**What the task requires:** Dropping every picture, set down exactly the lines in the entries below, starting with the line with "Шкір кросівки nike 3" and going on through the line with "Harry Styles Bucket".
[Given entries Boundary: Start]
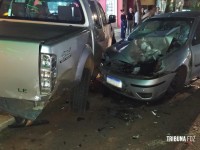 Automóvel colide em camionete estacionada no centro de Santa Helena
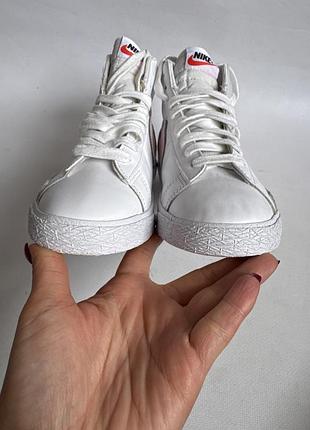 Шкір кросівки nike 3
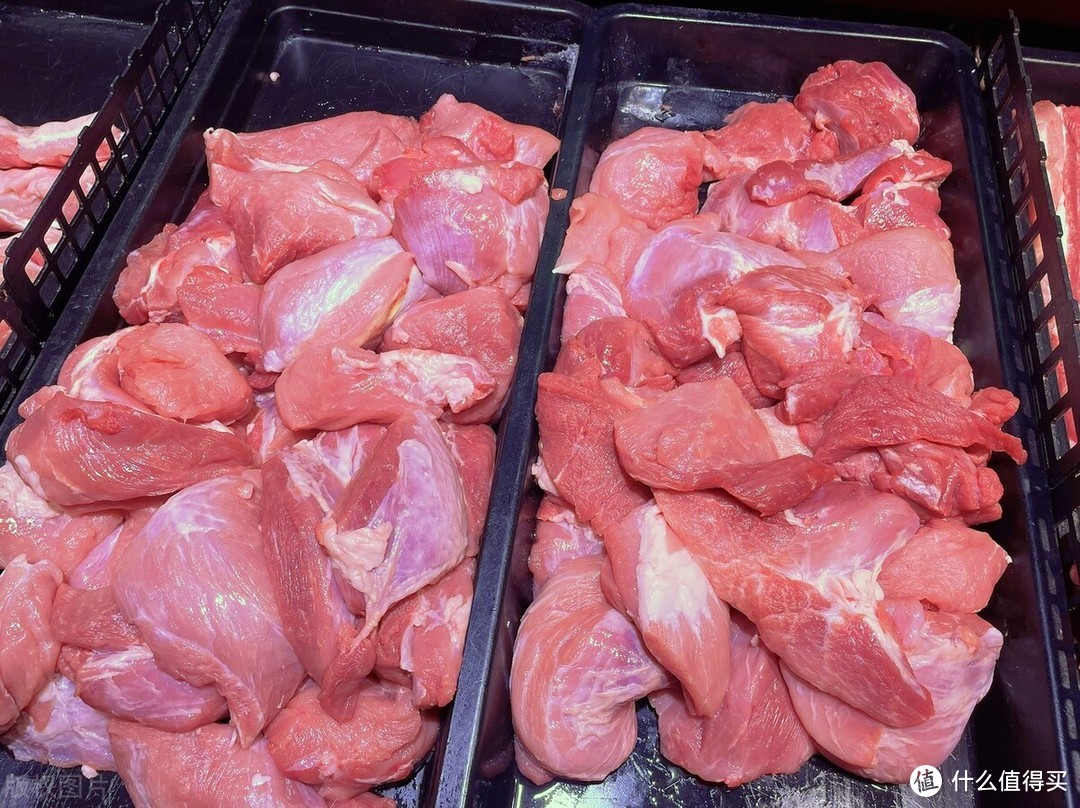 买猪肉时，选冷鲜肉还是热鲜肉？看看老屠夫怎么说，涨知识了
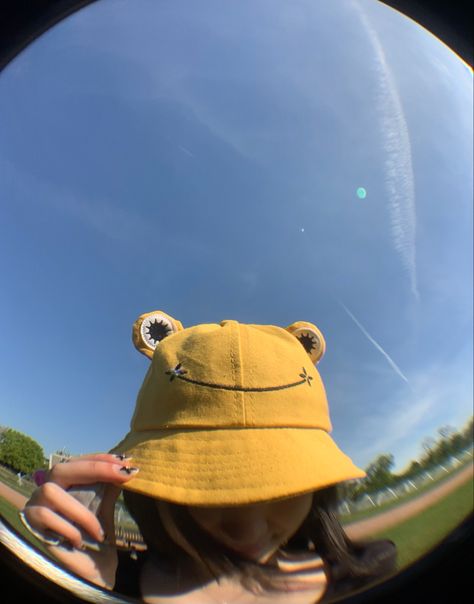 Harry Styles Bucket Hat, Yellow Bucket Hat Outfit, Bucket Hat Pictures, Bucket Hat Outfit Aesthetic, Cute Bucket Hat Outfits, Bucket Hats Aesthetic, Bucket Hat Summer Outfit, Bucket Hat Outfit Summer, Bucket Hat Outfit Ideas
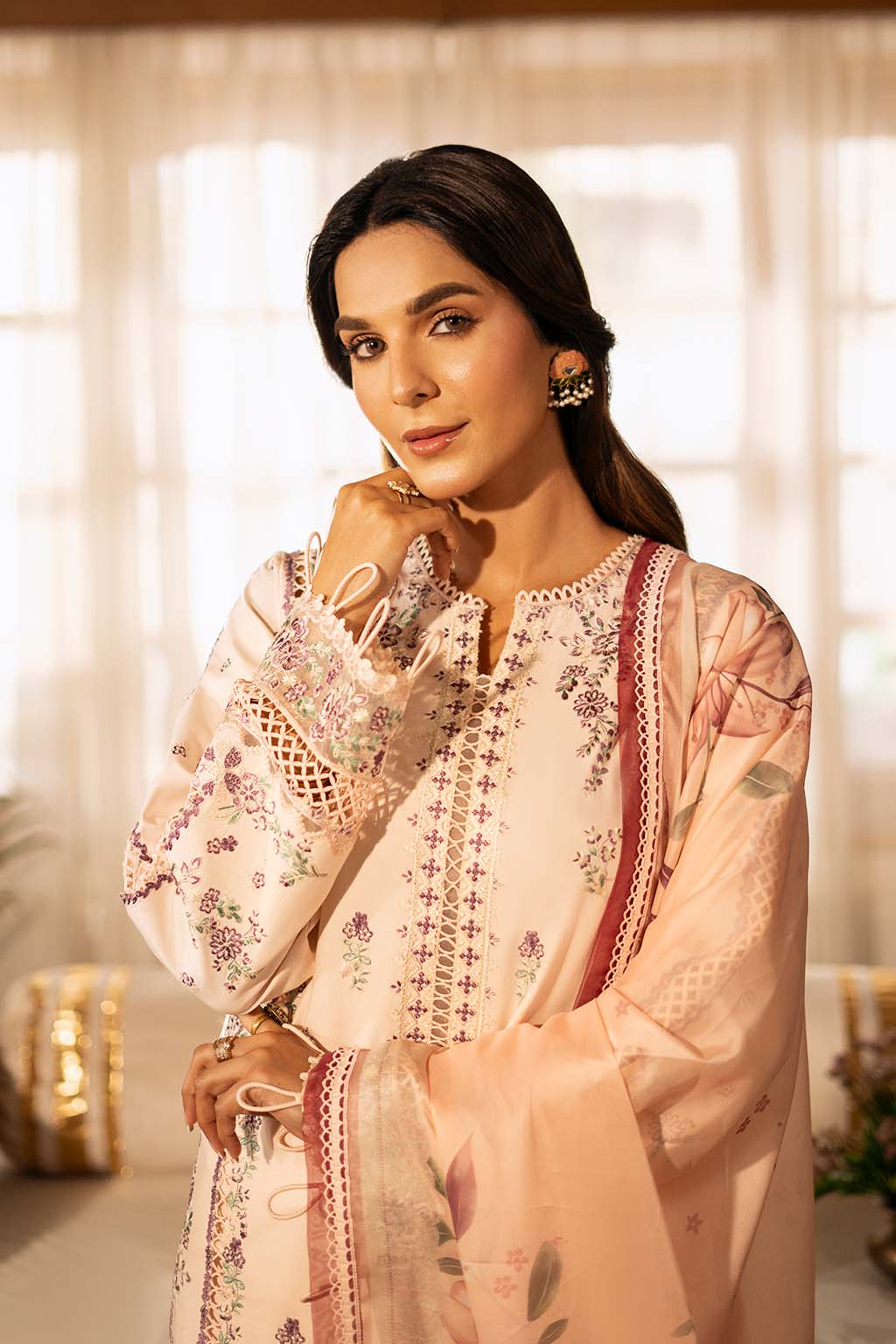 Gulbano Zarposh Jahanara – Embroidered Lawn Unstitched 3 Piece Festive Suit with Silk Dupatta & Cotton Trouser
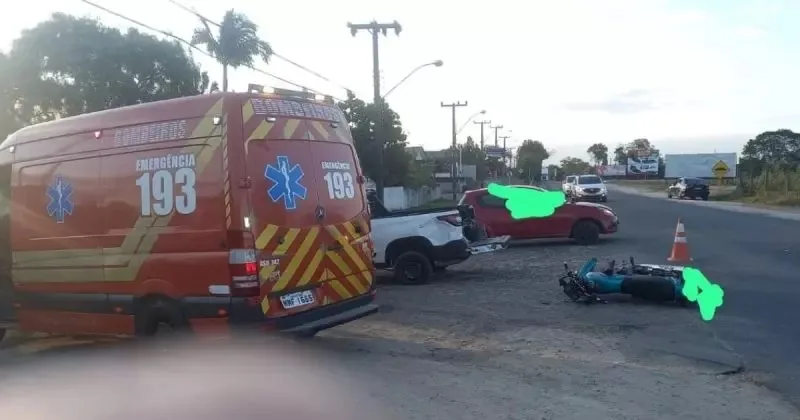 Acidente de trânsito que envolveu moto azulada, Fiat Strada branca e uma ambulância vermelha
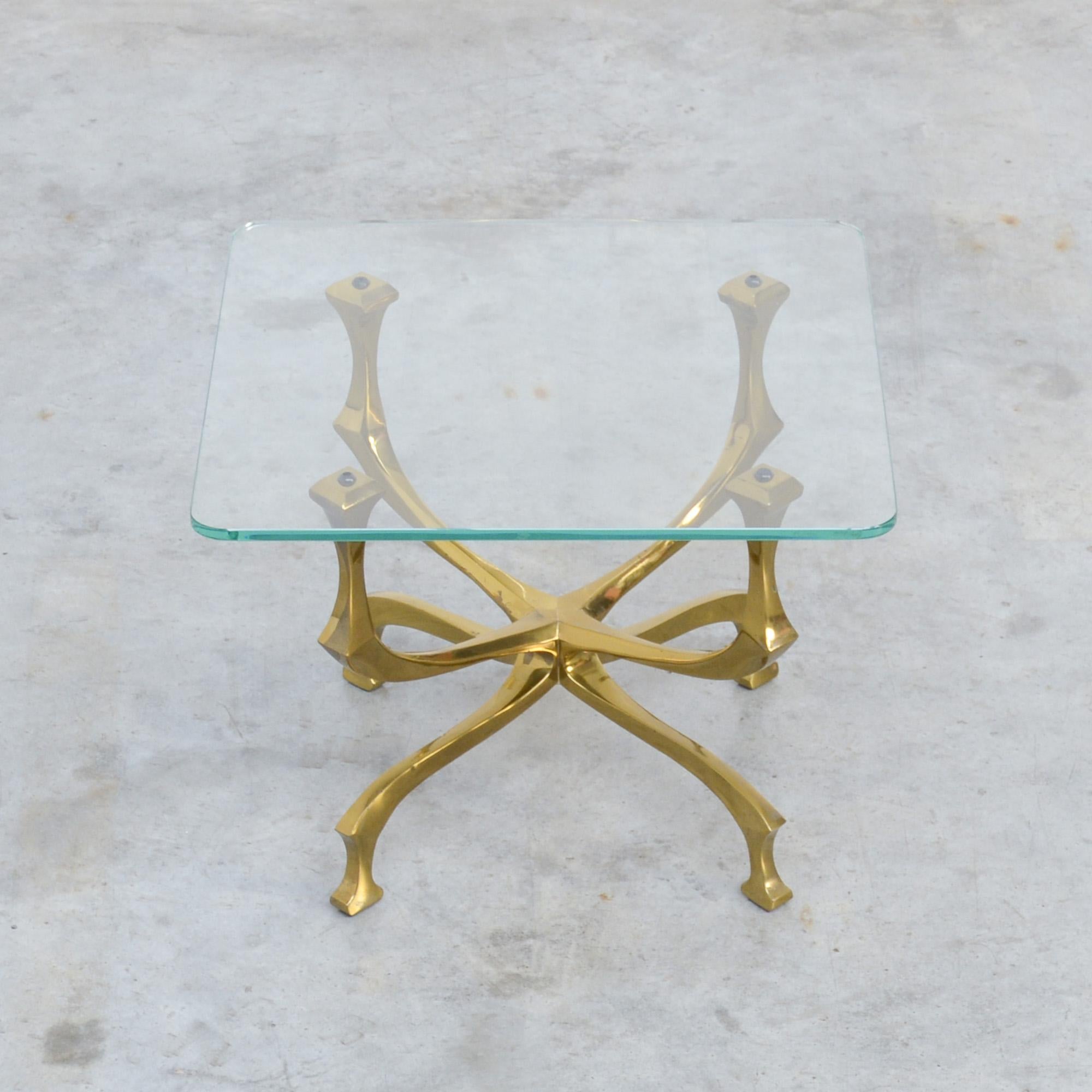 Moderne Table d'appoint élégante en bronze de Willy Daro en vente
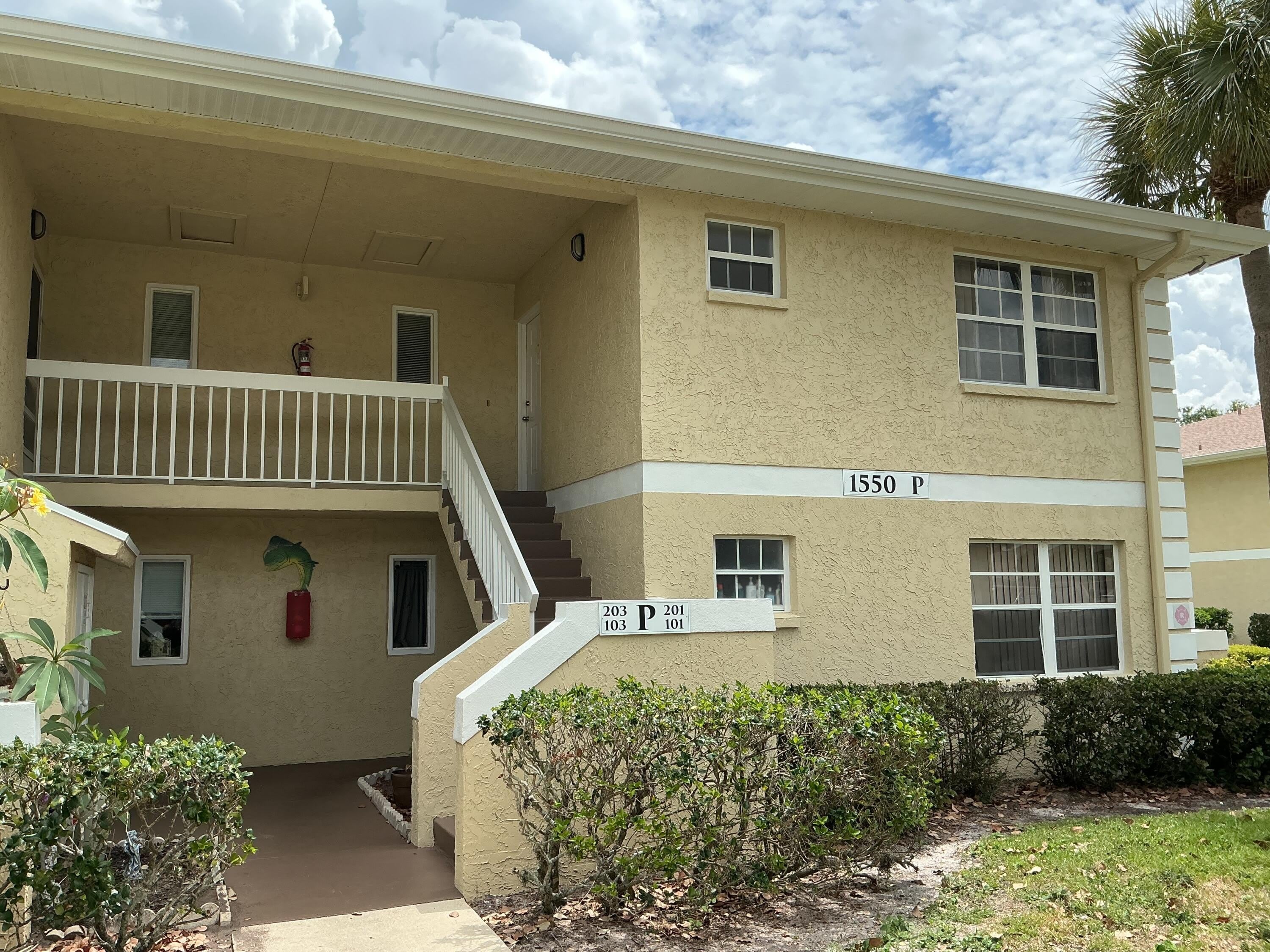 1550 Se Royal Green Circle – photo 1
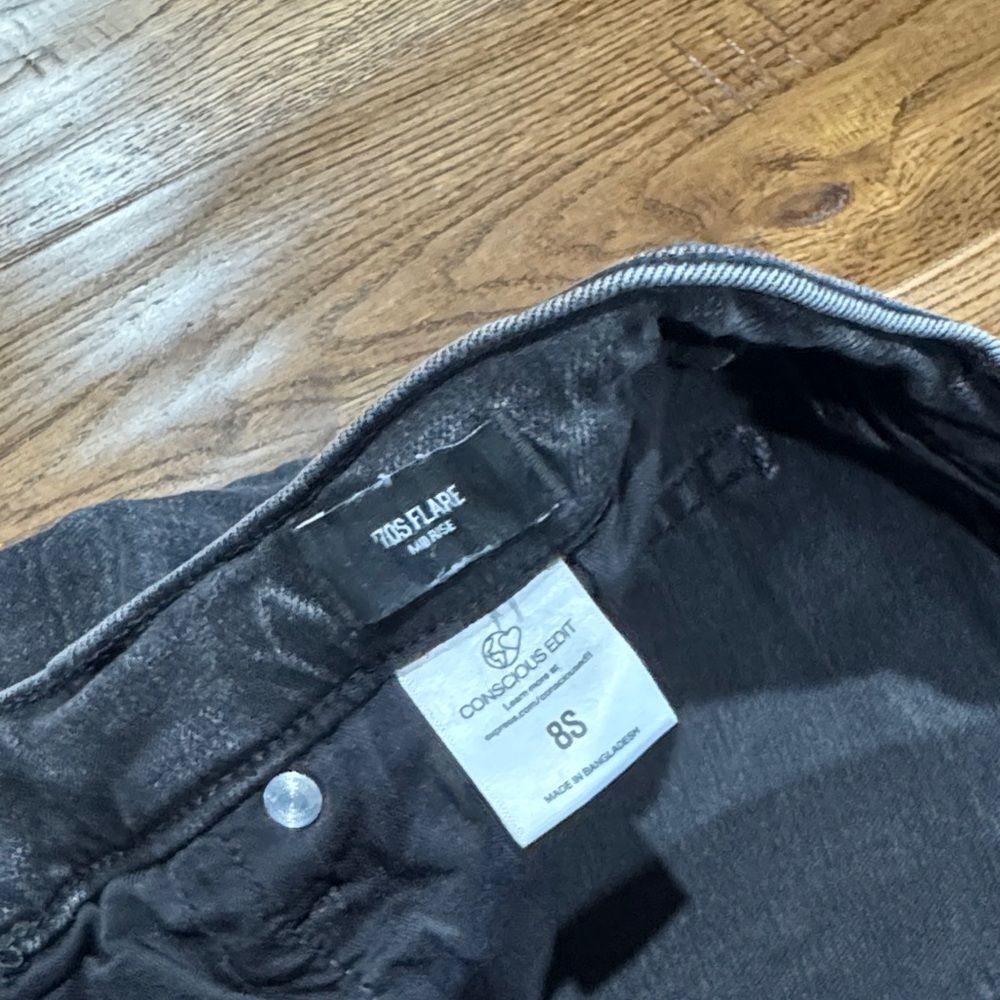Express Mid Rise 70s Flare Women's Jeans. Black. Sz 8S - Picture 3 of 4
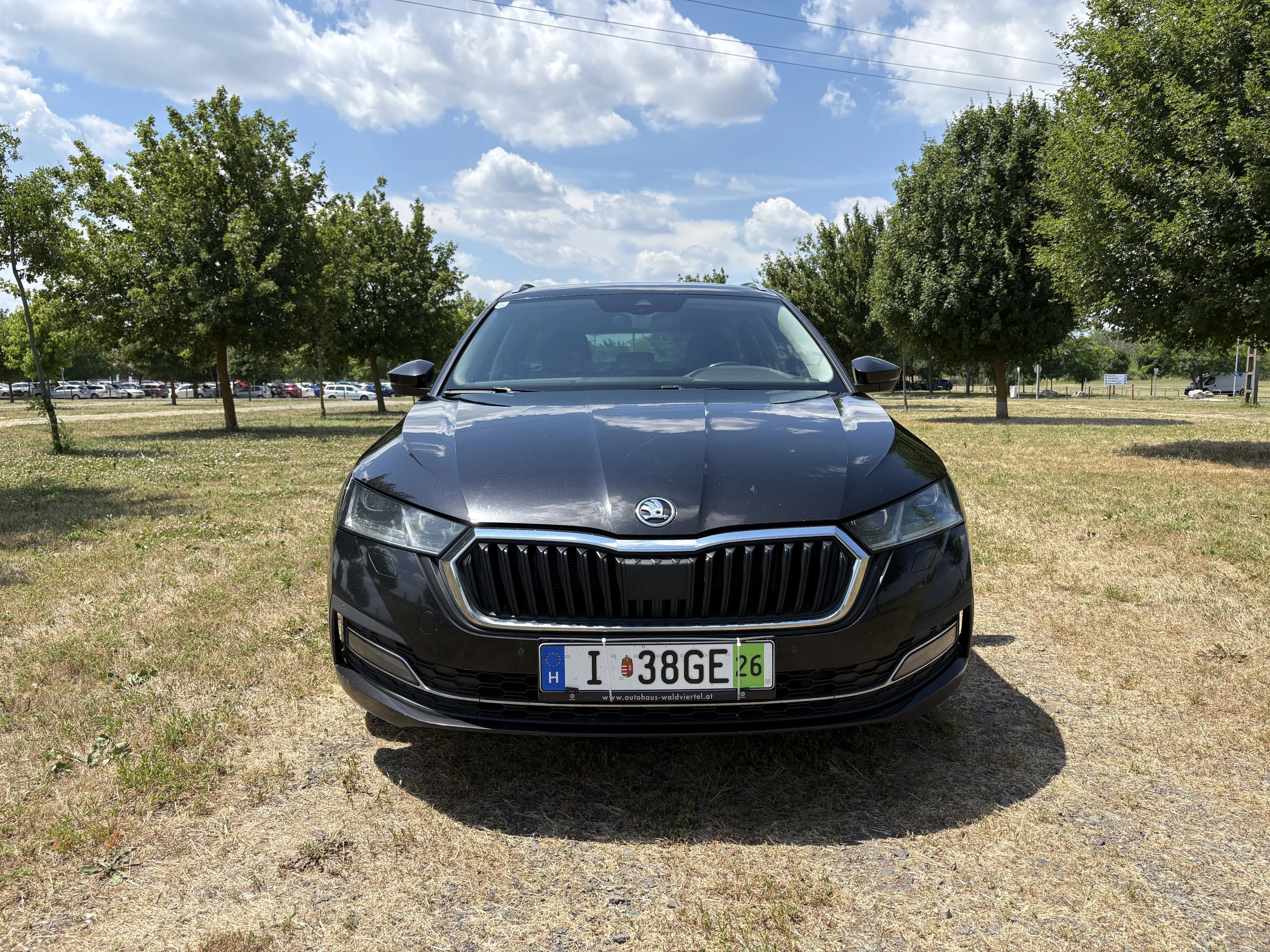 Használt Skoda Octavia Combi 2.0 TDI DSG eladó Zalaegerszegen – fotó 8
[Given entries Boundary: End]
**The answer:**
 Шкір кросівки nike 3
 买猪肉时，选冷鲜肉还是热鲜肉？看看老屠夫怎么说，涨知识了
 Harry Styles Bucket Hat, Yellow Bucket Hat Outfit, Bucket Hat Pictures, Bucket Hat Outfit Aesthetic, Cute Bucket Hat Outfits, Bucket Hats Aesthetic, Bucket Hat Summer Outfit, Bucket Hat Outfit Summer, Bucket Hat Outfit Ideas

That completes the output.